If you stuff yourself full of poems, essays, plays, stories, novels, films, comic strips, magazines, music, you automatically explode every morning like Old Faithful. I have never had a dry spell in my life, mainly because I feed myself well, to the point of bursting. I wake early and hear my morning voices leaping around in my head like jumping beans. I get out of bed to trap them before they escape.

RAY BRADBURY

Follow Your Curiosity and Passion

My own best advice is to young writers is: follow your curiosity and passion. What fascinates you will probably fascinate others. But, even if it doesn't, you will have devoted your life to what you love. An important corollary is that it's no use trying to write like someone else.
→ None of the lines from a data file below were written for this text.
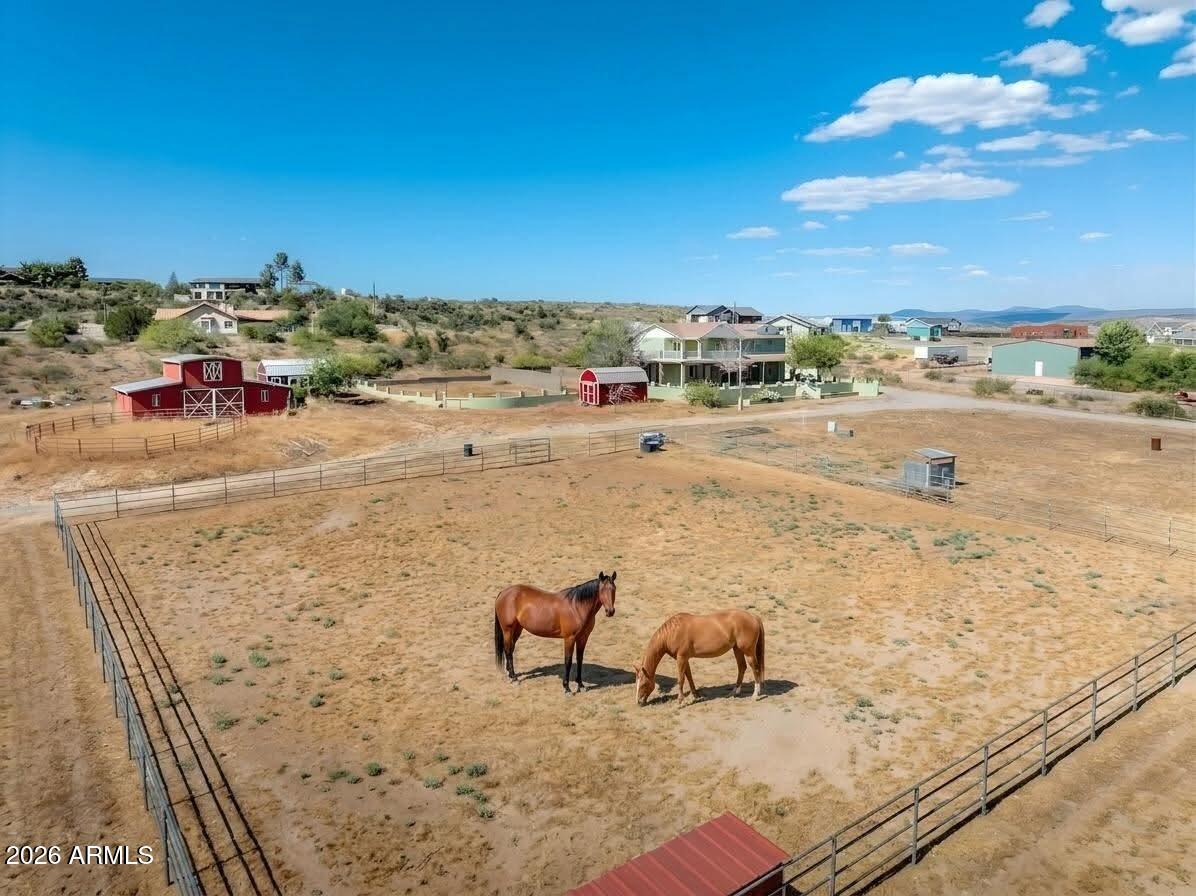 Fully equipped horse property on over 2 acres of usable land with panoramic mountain views! 1733 N Arena Del Loma offers space, flexibility, and endless potential. Set up as a working horse property, the land features a full barn, riding arena, corral, separate fenced dog run, private well, and ample room for horses, RVs, trailers, gardens, workshops, or future expansion. Wide open acreage and peaceful surroundings create the perfect setting for those seeking privacy, room to roam, and the freedom of country living.

With over 2,500 square feet of living space, the home offers a comfortable 3-bedroom, 2-bath main residence along with a separate in-law suite. Downstairs includes two living rooms, first bathroom, and spacious kitchen and dining room with bright bay windows. The upstairs bedrooms offer privacy away from the living spaces. The primary is very large with a cozy fireplace and French doors opening on to a private covered patio, looking out across the expansive valley and surrounding mountains.

The guest quarters features a fourth bedroom & living space, third bathroom, and full second kitchen. Ideal for multi-generational living, guests, rental income potential, or a private workspace, it can be accessed through the main home or through a separate private entrance equipped with an accessible chair lift for the stairs.
Ready for its next chapter, the property provides a solid foundation and blank canvas to bring your own vision and personal touches to life.

Located in historic Camp Verde near the scenic Verde River, the area offers endless opportunities to enjoy the outdoors, local wineries, hiking, kayaking, fishing, and the charm of small-town Arizona living. With convenient access to Sedona, Cottonwood, and the rest of the Verde Valley, this property offers the best of rural living with nearby amenities and recreation.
Discover what's uniquely yours.

DIANE ACKERMAN

Good Writing Is All Handmade

Good writing is all handmade. It’s made of words. Looking up words as you write is a vital step in research. A word choice isn’t apt merely because a word’s formal definition seems to fit. Words are layered with meaning, and the layers need to fit as well. If you write “the final solution to our problem” unaware that “final solution” translates the Nazi euphemism for the Holocaust, die Endlösung; if you write “a supercilious handshake” unaware that “supercilious” derives from Latin words meaning “above the eyelid” (i.e., with a lifted eyebrow), you communicate more and less to your reader than you intend. Sloppy word choice isn’t only a literary sin; it’s confusing. If you choose words with their multileveled meanings in mind, your reader will have a better chance of understanding what you mean—and so will you.

RICHARD RHODES

Leave Home

Leave home. Because if you stay home people will ask you questions that you can't answer. They say, "What are you going to write? Where will you publish it? Who's going to pay you? How will you make a living?" If you leave home, no one asks you questions like that.

PAUL THEROUX

When Your Villain Becomes a Bore

Whenever your villain becomes a bore, whatever you’re writing—play, film, whatever—wrap it up, abandon ship. Conversely, first-rate villains very often, by the mere reflection of the infinitely greater attractiveness and scope that villainy has over virtue, will endow the most numbing of dullard heroes and heroines with an appeal they couldn’t possibly attain on their own. From Mephistopheles to Rupert of Hentzau. It’s my guess Will Shakespeare found Iago a breeze to write compared to Othello; and that he sweated more over Brutus than Cassius.

JOSEPH L. MANKIEWICZ 

Style Is A Relation Between Form and Content

Style is a relation between form and content. Where the content is less than the form, where the author pretends to emotion which he does not feel, the language will seem flamboyant. The more ignorant a writer feels, the more artificial becomes his style. A writer who thinks himself cleverer than his readers writes simply, one who is afraid they are cleverer than he, will make use of mystification: good style is arrived at when the chosen represents what the author requires of it without mystification.

CYRIL CONNOLLY

Most Writers Write Too Much

Most writers write too much. Some writers write way too much, gauged by the quality of their accumulated oeuvre. I've never thought of myself as a man driven to write. I simply choose to do it, often when I can't be persuaded to do anything else; or when a dank feeling of uselessness comes over me, and I'm at a loss and have some time on my hands, such as when the World Series is over.